Task to carry out:
Below are records to write out exactly; drop the pictures when you do.

Record extracts:

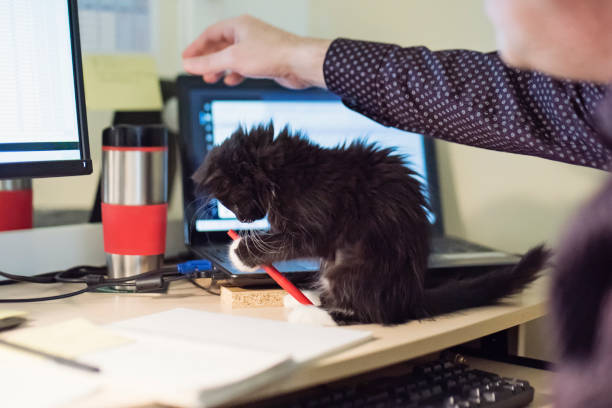 istock Adorable 3 months kitten playing with pencil on desk home office. 1287491798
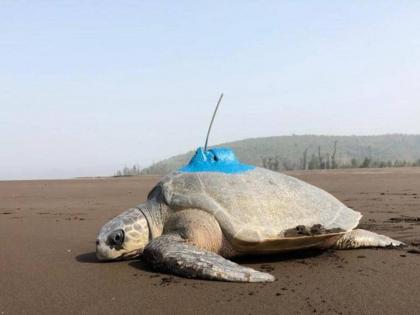 One tagged turtle in race to reach pakistan | मुंबईचे कासव जाणार पाकिस्तानला; सॅटेलाइट टॅगिंग केलेले ‘प्रथमा’ कासव सध्या मुंबई मुक्कामी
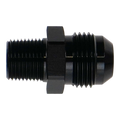 10AN Male Flare to 3/8" NPT Male Adapter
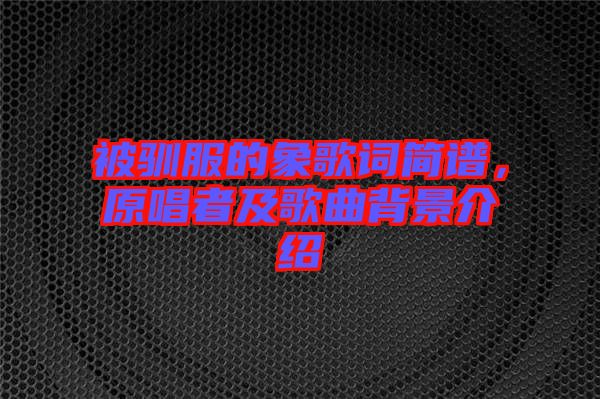 被馴服的象歌詞簡譜,原唱者及歌曲背景介紹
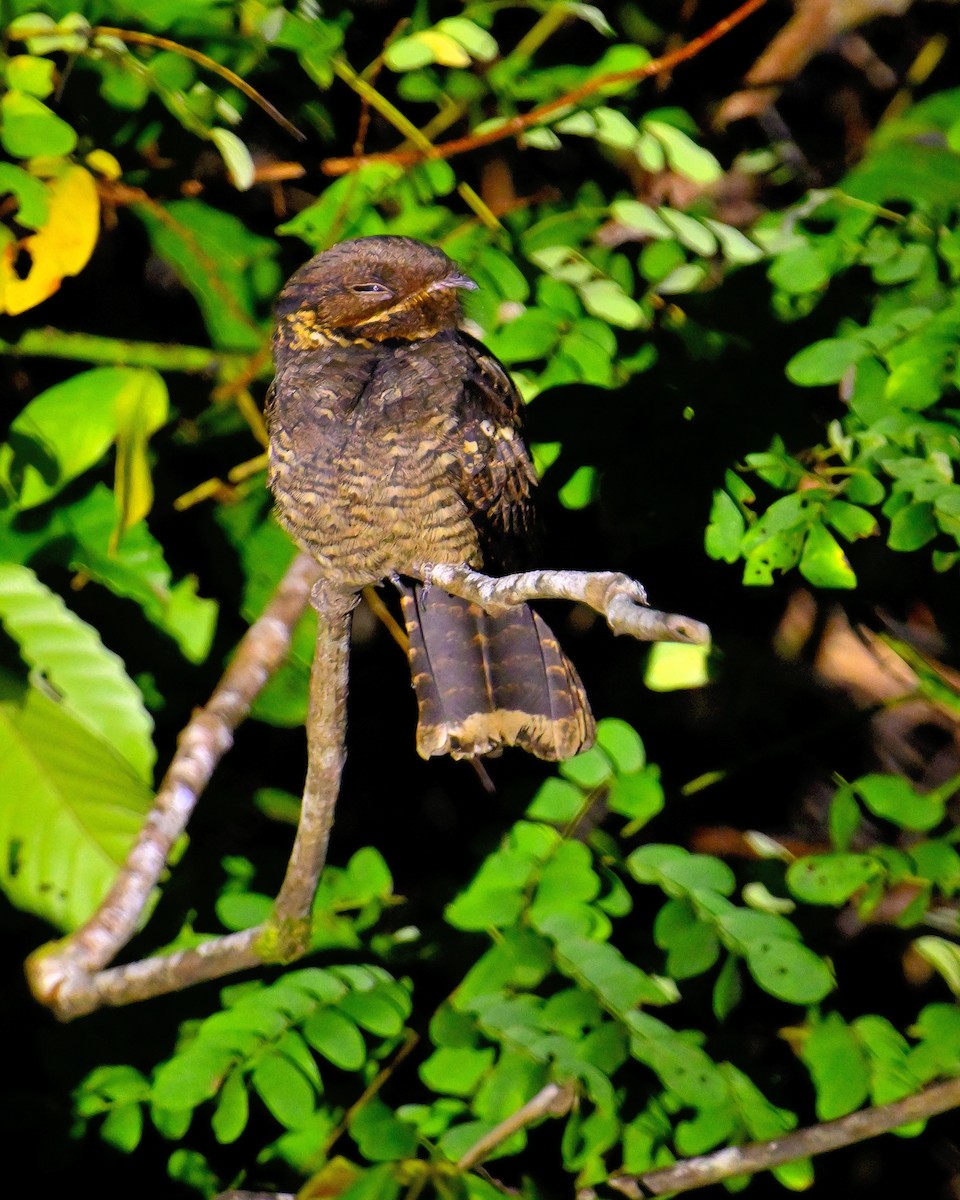 Andaman Nightjar - ML638062683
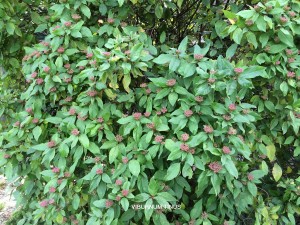 Viburnum tinus - foliage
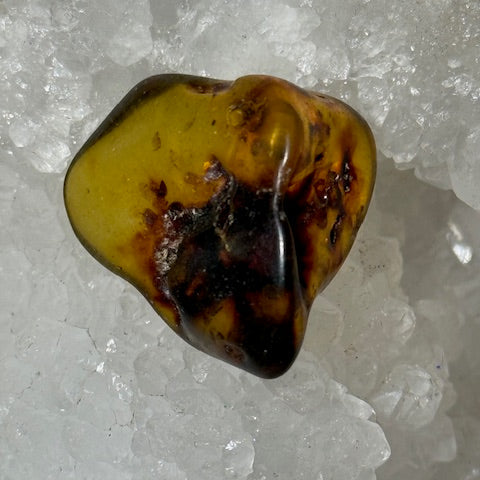 Ambre Baltique oasis de cristal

Problem solution:
 istock Adorable 3 months kitten playing with pencil on desk home office. 1287491798
 One tagged turtle in race to reach pakistan | मुंबईचे कासव जाणार पाकिस्तानला; सॅटेलाइट टॅगिंग केलेले ‘प्रथमा’ कासव सध्या मुंबई मुक्कामी
 10AN Male Flare to 3/8" NPT Male Adapter
 被馴服的象歌詞簡譜,原唱者及歌曲背景介紹
 Andaman Nightjar - ML638062683
 Viburnum tinus - foliage
 Ambre Baltique oasis de cristal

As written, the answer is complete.